How does the phase-out of third-party cookies impact antitrust concerns? The U.K.’s Competition and Markets Authority (CMA) and numerous Attorneys General in U.S. states have pursued antitrust investigations relating to moves by tech companies to eliminate third-party tracking. Authorities are concerned that the replacement of third-party AdTech with alternative tracking mechanisms within popular browsers will result in the monopolization of online ad markets and/or the need for online advertisers to rely on tech companies as intermediaries for all advertising transactions. To date, at least one CMA investigation was closed after the regulator accepted certain commitments to alleviate anti-competitive concerns.

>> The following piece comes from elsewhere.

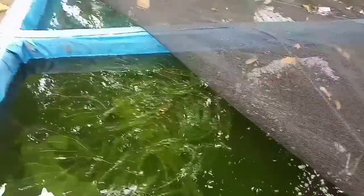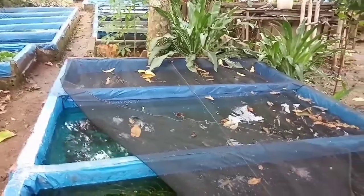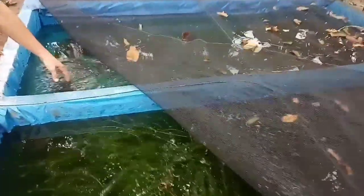Kalau sudah menetas, nanti kita pindahkan ke kolam sebelahnya, per kolamnya sekitar 1,2 x 1,2, sekitar 500 ekor. Setelah pemeliharaan dua bulan, harganya kurang lebih bisa 800 rupiah per ekor.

What about data privacy regulatory enforcement? In the EU, numerous data protection authorities have signaled intent to enforce data protection within the AdTech space through guidance documents, enumerating specific concerns such as a lack of governance, transparency, inaccurate lawful basis to process data, sharing with third-parties and automated decision making based on profiling, among others. Regulators in numerous jurisdictions have issued millions of euros in fines under GDPR, focused on improper use of online tracking technologies. In the U.S., to date, five states (California, Virginia, Colorado, Utah and Connecticut) have enacted consumer privacy laws, while another 17 have consumer privacy bills winding their way through the legislative process. The common thread among these laws is the consumer’s right to opt-out of third-party ad tracking.
What’s a necessary first step to take toward preparedness? From a tactical perspective, organizations need to assess their U.S. state readiness programs according to the requirements of current and impending laws. These should include an assessment of the online tracking technologies the organization uses, so marketing and privacy teams can partner to accurately determine how to operationalize opt-out consents on either a state-by-state basis, or by using the requirements from one state as a standard (if taking this approach, it’s often advisable to default to the strictest requirements). Teams will also want to forecast the investments they will need to make to implement new privacy controls and prepare for related budget requests.

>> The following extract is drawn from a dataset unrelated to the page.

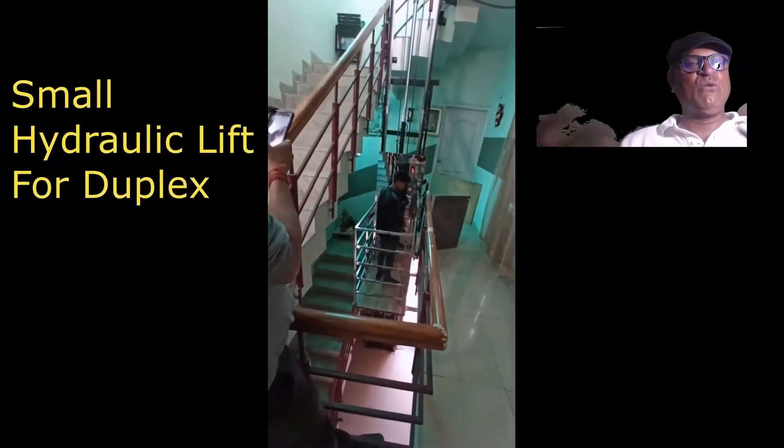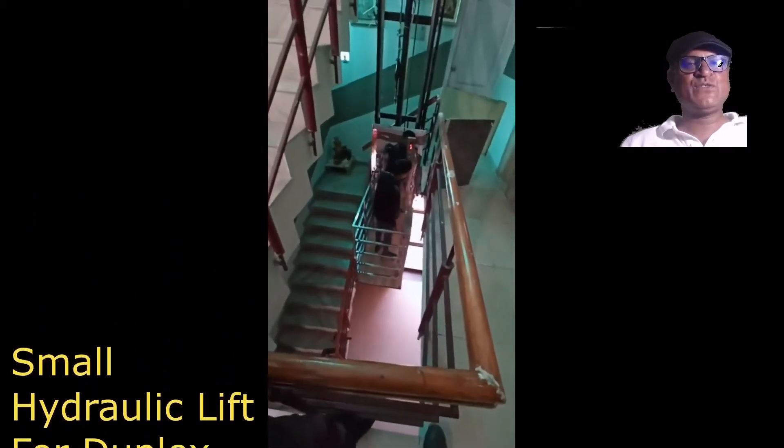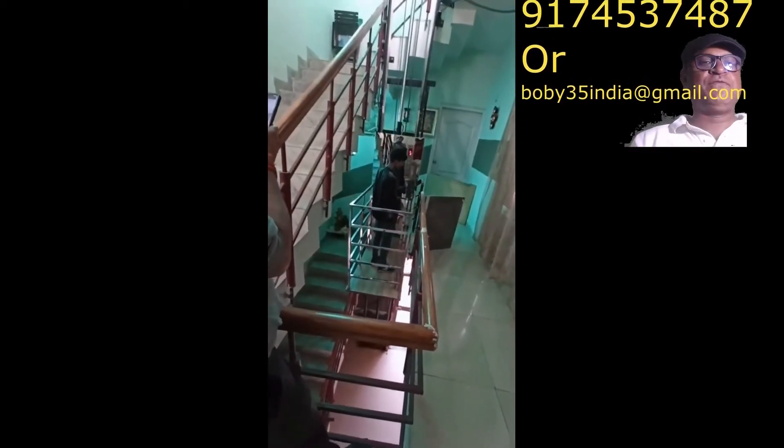Hello my dear friends, welcome to my video. You definitely need a lift for your house, that's why you have come to this video by searching on the internet. This is a very basic hydraulic lift. It is quite safe and secure, and we use a two HP motor for this lift.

How does this impact the broader digital marketing strategy? Many organizations are improving internal alignment to prepare for a post-third-party AdTech world, or at a minimum, a hybrid world. This is a good step in the right direction, and teams should initiate or continue the internal strategy conversation with other stakeholders across marketing, risk, information security and compliance. These discussions should address future proofing against enforcement in the EU, U.S. and other jurisdictions, while protecting and growing revenue derived from digital advertising.

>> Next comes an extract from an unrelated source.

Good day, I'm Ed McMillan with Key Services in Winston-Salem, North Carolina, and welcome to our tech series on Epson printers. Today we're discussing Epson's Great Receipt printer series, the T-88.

Ultimately, organizations need to begin thinking about how to break their reliance upon the third-party AdTech industry by migrating toward the emerging zero-party/first-party data approach. While the coming storm will bring uncertainty and force functional changes to the way websites operate, it also presents a significant opportunity for innovation and transparency, which will drive down regulatory risk while protecting and growing advertising revenue. With a flexible, risk-based approach to consent controls and the use of in-house online tracking technologies, organizations will be in a position to optimize their own data pools, decrease marketing costs, improve the customer experience and grow revenue.